Your answer must be only the lines below from the one containing "8705 County Road 99, Newville, AL 36353" through the one containing "Partridge Ln, Cockeysville, MD 21030 #1", copied exactly, with the pictures left out.

--- DATA SHOWN ---

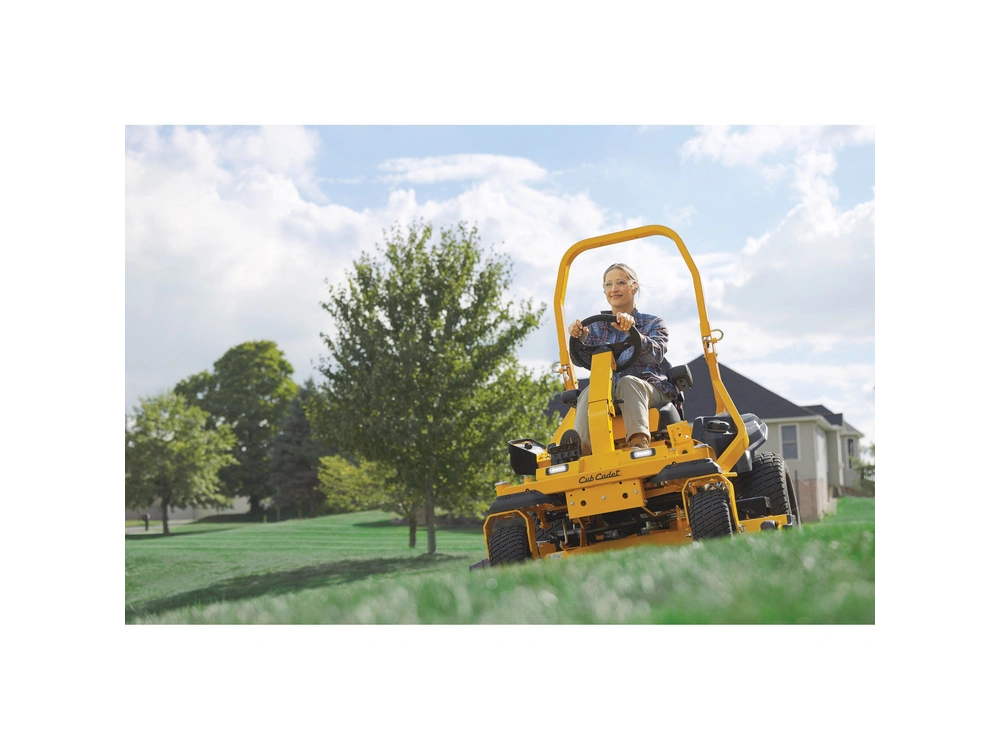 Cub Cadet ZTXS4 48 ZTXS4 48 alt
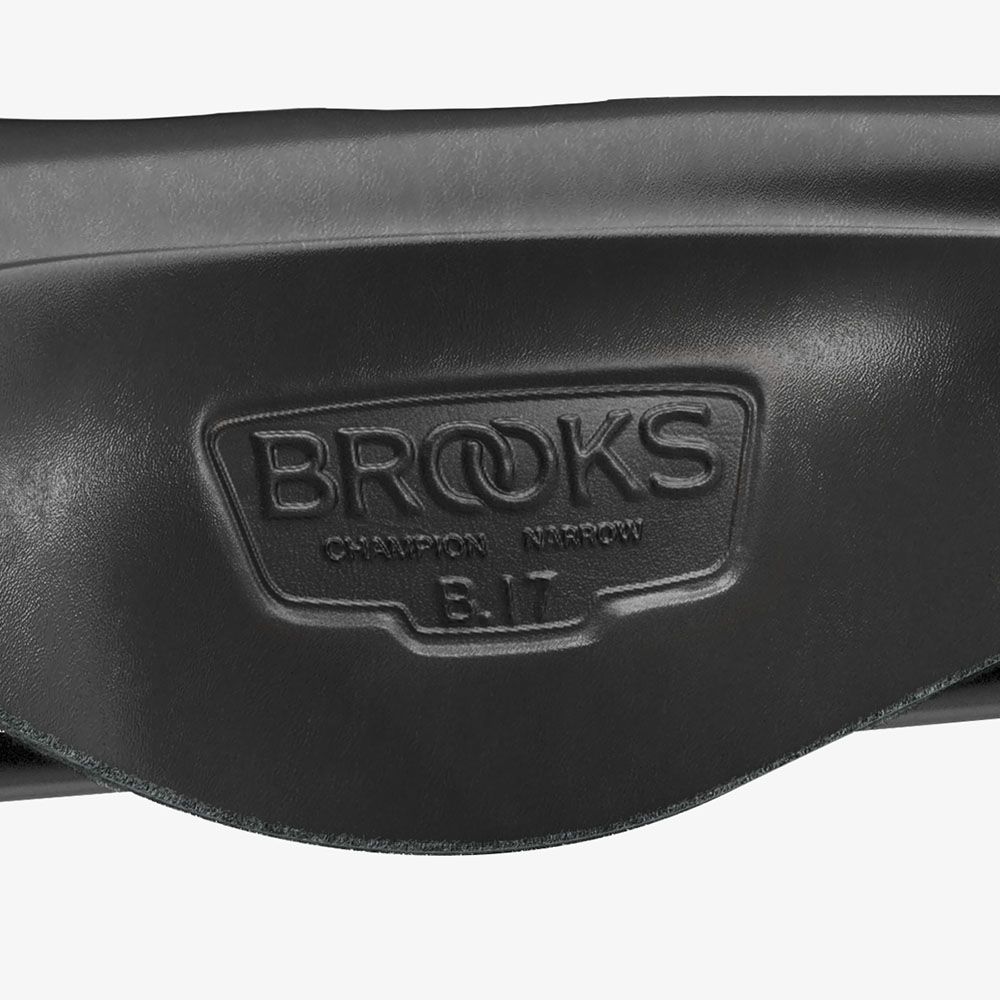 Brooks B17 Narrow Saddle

---
--- DATA SHOWN ---

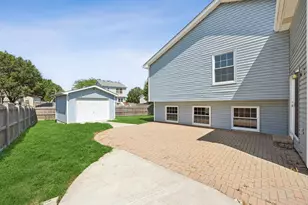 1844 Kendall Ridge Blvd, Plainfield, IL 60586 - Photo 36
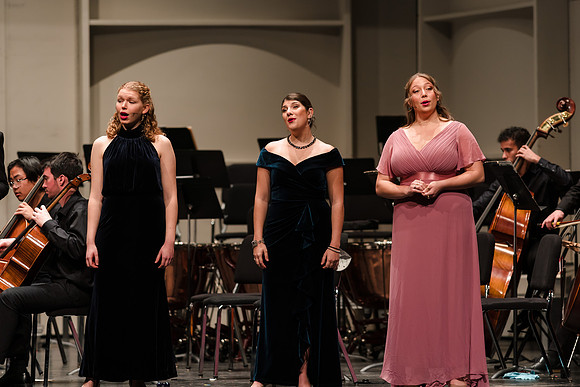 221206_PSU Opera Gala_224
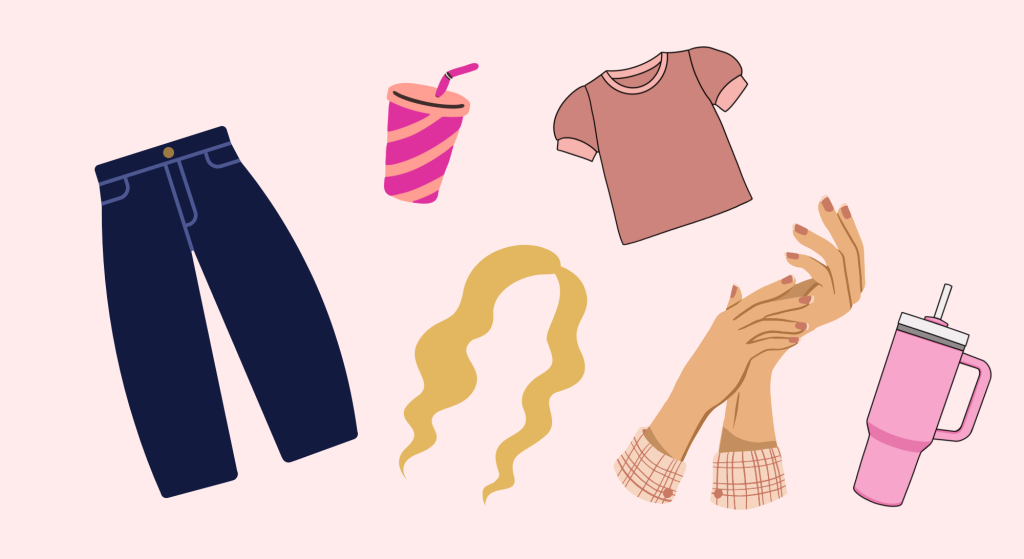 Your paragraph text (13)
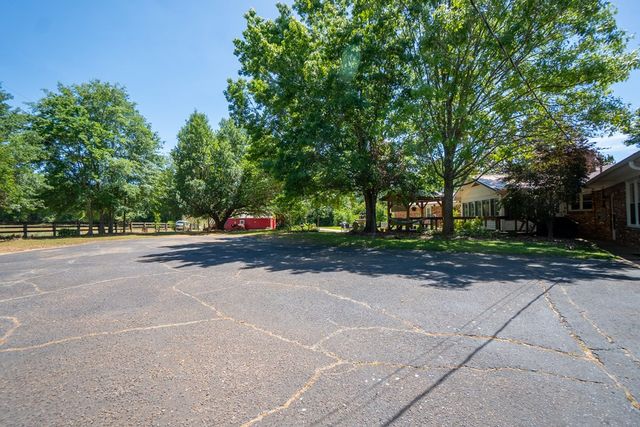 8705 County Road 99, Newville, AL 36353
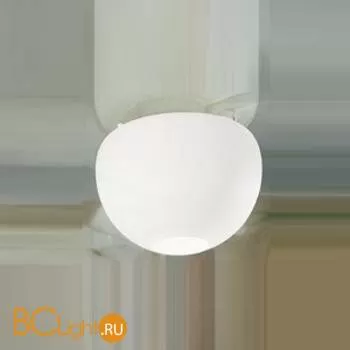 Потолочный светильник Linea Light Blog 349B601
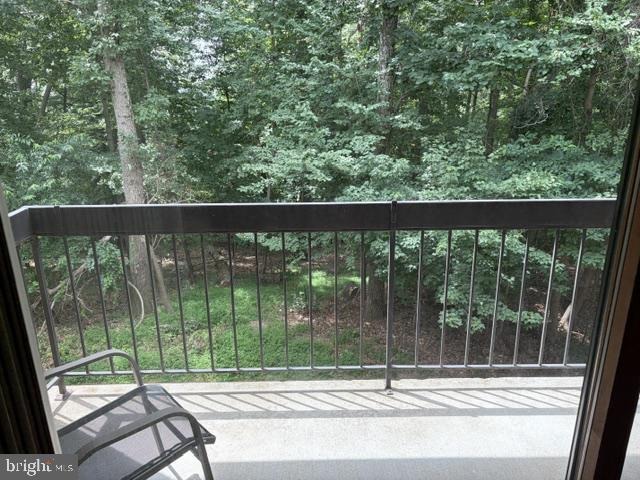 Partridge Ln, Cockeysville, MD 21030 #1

---

EXERCISE OUTPUT:
 8705 County Road 99, Newville, AL 36353
 Потолочный светильник Linea Light Blog 349B601
 Partridge Ln, Cockeysville, MD 21030 #1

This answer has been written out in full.